The top entry in a LDAP DIT (Directory Information Tree) is, in the LDAP world, variously referred to as the root, the base or the suffix depending on the document, its author, day of the week or some other variable unknown to us.
In the documentation, the subject of the root (a.k.a. suffix or base) is frequently treated in one of two ways. It's assumed to be an automagic thing that is the beyond the scope of mere mortals to understand and handled in a ritualistic way as if it had been handed down from one generation to another (or possibly on tablets or stone) and certainly no attempt is made to explain it. Conversely the other camp handles it at extreme length usually accompanied by much wailing, gnashing of teeth and incantations to the twin gods of the ITU and the IETF.
Our advice - unless you need to make the directory globally available define the root as an ou=gobbledegook and spend no more time on the subject.
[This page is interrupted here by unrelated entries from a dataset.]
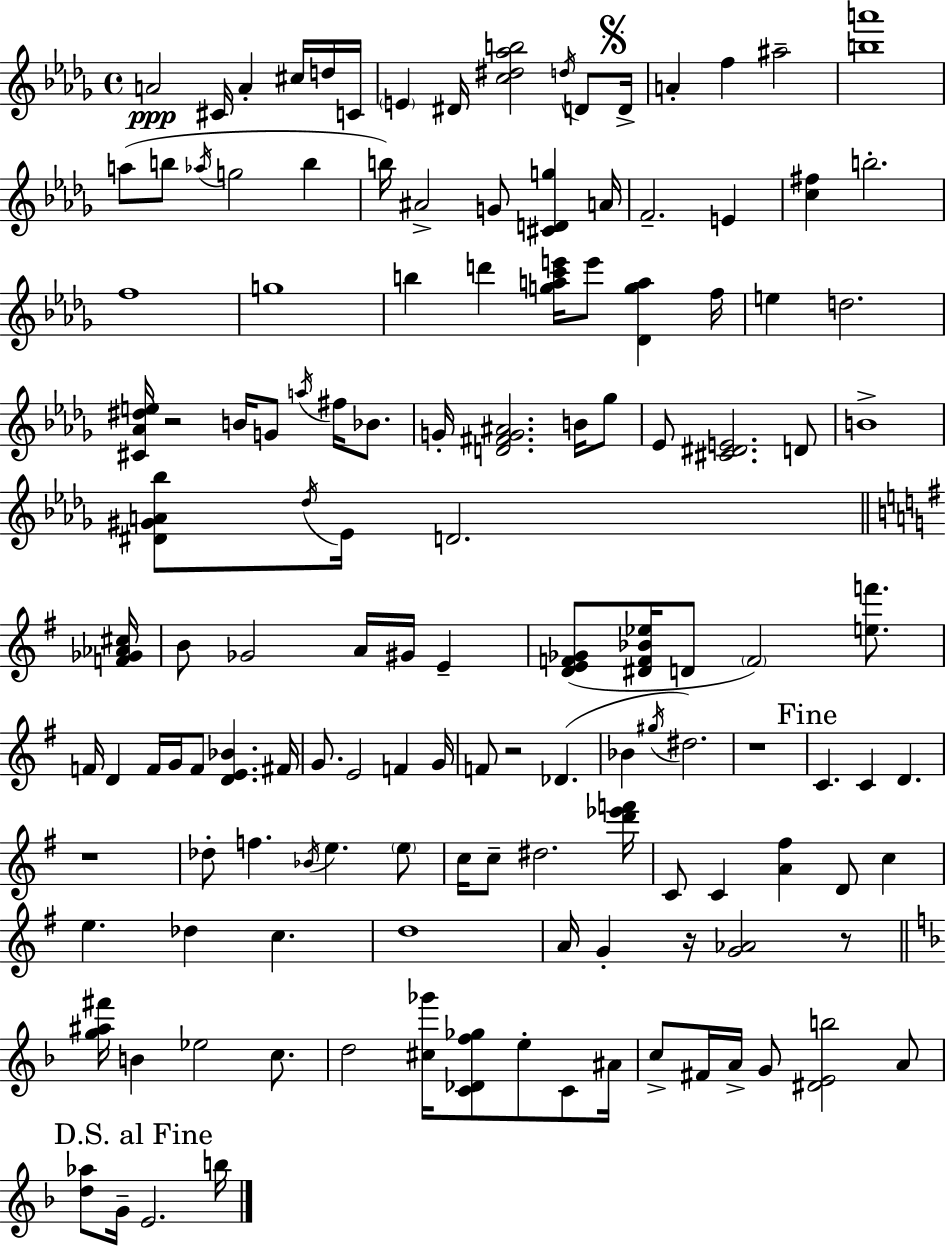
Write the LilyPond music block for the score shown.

{
  \clef treble
  \time 4/4
  \defaultTimeSignature
  \key bes \minor
  a'2\ppp cis'16 a'4-. cis''16 d''16 c'16 | \parenthesize e'4 dis'16 <c'' dis'' aes'' b''>2 \acciaccatura { d''16 } d'8 | \mark \markup { \musicglyph "scripts.segno" } d'16-> a'4-. f''4 ais''2-- | <b'' a'''>1 | \break a''8( b''8 \acciaccatura { aes''16 } g''2 b''4 | b''16) ais'2-> g'8 <cis' d' g''>4 | a'16 f'2.-- e'4 | <c'' fis''>4 b''2.-. | \break f''1 | g''1 | b''4 d'''4 <g'' a'' c''' e'''>16 e'''8 <des' g'' a''>4 | f''16 e''4 d''2. | \break <cis' aes' dis'' e''>16 r2 b'16 g'8 \acciaccatura { a''16 } fis''16 | bes'8. g'16-. <d' fis' g' ais'>2. | b'16 ges''8 ees'8 <cis' dis' e'>2. | d'8 b'1-> | \break <dis' gis' a' bes''>8 \acciaccatura { des''16 } ees'16 d'2. | \bar "||" \break \key g \major <f' ges' aes' cis''>16 b'8 ges'2 a'16 gis'16 e'4-- | <d' e' f' ges'>8( <dis' f' bes' ees''>16 d'8 \parenthesize f'2) <e'' f'''>8. | f'16 d'4 f'16 g'16 f'8 <d' e' bes'>4. | fis'16 g'8. e'2 f'4 | \break g'16 f'8 r2 des'4.( | bes'4 \acciaccatura { gis''16 } dis''2.) | r1 | \mark "Fine" c'4. c'4 d'4. | \break r1 | des''8-. f''4. \acciaccatura { bes'16 } e''4. | \parenthesize e''8 c''16 c''8-- dis''2. | <d''' ees''' f'''>16 c'8 c'4 <a' fis''>4 d'8 c''4 | \break e''4. des''4 c''4. | d''1 | a'16 g'4-. r16 <g' aes'>2 | r8 \bar "||" \break \key d \minor <g'' ais'' fis'''>16 b'4 ees''2 c''8. | d''2 <cis'' ges'''>16 <c' des' f'' ges''>8 e''8-. c'8 ais'16 | c''8-> fis'16 a'16-> g'8 <dis' e' b''>2 a'8 | \mark "D.S. al Fine" <d'' aes''>8 g'16-- e'2. b''16 | \break \bar "|."
}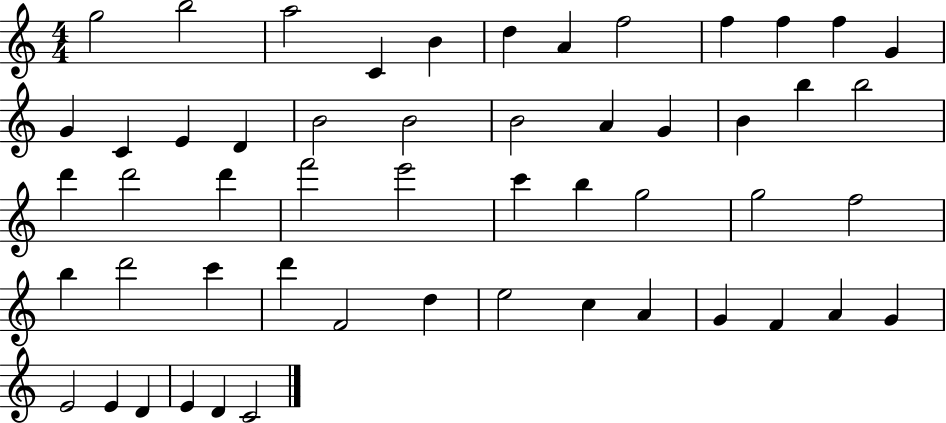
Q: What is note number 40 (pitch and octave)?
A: D5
Defining a simple root or suffix.
Now for the serious stuff.
The angst stems for the original and laudable goal of X.500 - apparently continued by the IETF - to have a global hierarchy of directories not dissimilar to the DNS system for those familiar with that architecture.
In this context the root (a.k.a. suffix, base), which would be exposed globally plays a significant role - it must be unique. Back to our advice, unless you will expose the directory at some stage in the future - forget it - give it whatever name you want - meaningful or humourous as you desire. Defining a simple root or suffix.
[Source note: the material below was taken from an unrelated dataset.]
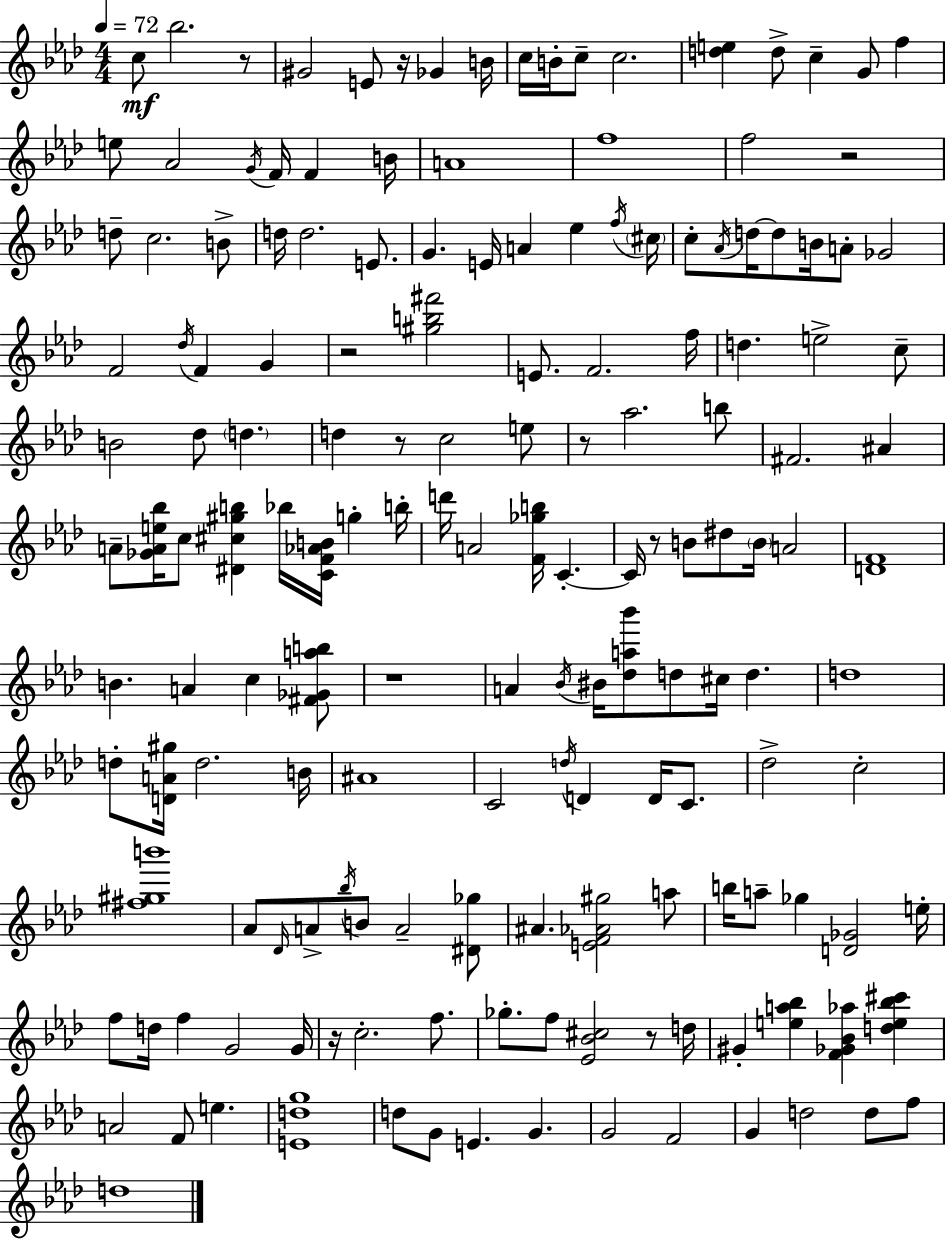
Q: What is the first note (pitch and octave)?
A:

If you have, or may in the future have, global ambitions then read on.
X.500 chose a root standard based on ou=organisation name,c=country code, such as ou=Example Inc., c=us, for the reason - perhaps - it seemed like a good idea at the time or it was Thursday. More on ou definitions. Defining an X.500 format root or suffix.
The IETF (through the INFORMATIONAL only RFC 2247) chose to use a domain name structure, for instance dc=example, dc=com. Partly because it was based on DNS domain names which are intrinsically globally unique and partly on a somewhat more specious argument that says - given either a DNS SRV record or an LDAP server name - you can discover the suffix. Thus, if the LDAP server name is ldap.example.com (obtained directly or via an SRV RR) then it would be resonable to assume that the suffix would be dc=example,dc=com. Not terribly convincing. Defining an RFC 2247 format root or suffix.
And if you don't have a domain name - well that's just too bad. If you have multiple domain names which one should you choose - it does not matter (you can even use all of them) since every domain name is unique.
In the diagram below - all three are valid root entries. Two of which could be globally unique - one certainly is not. Phew!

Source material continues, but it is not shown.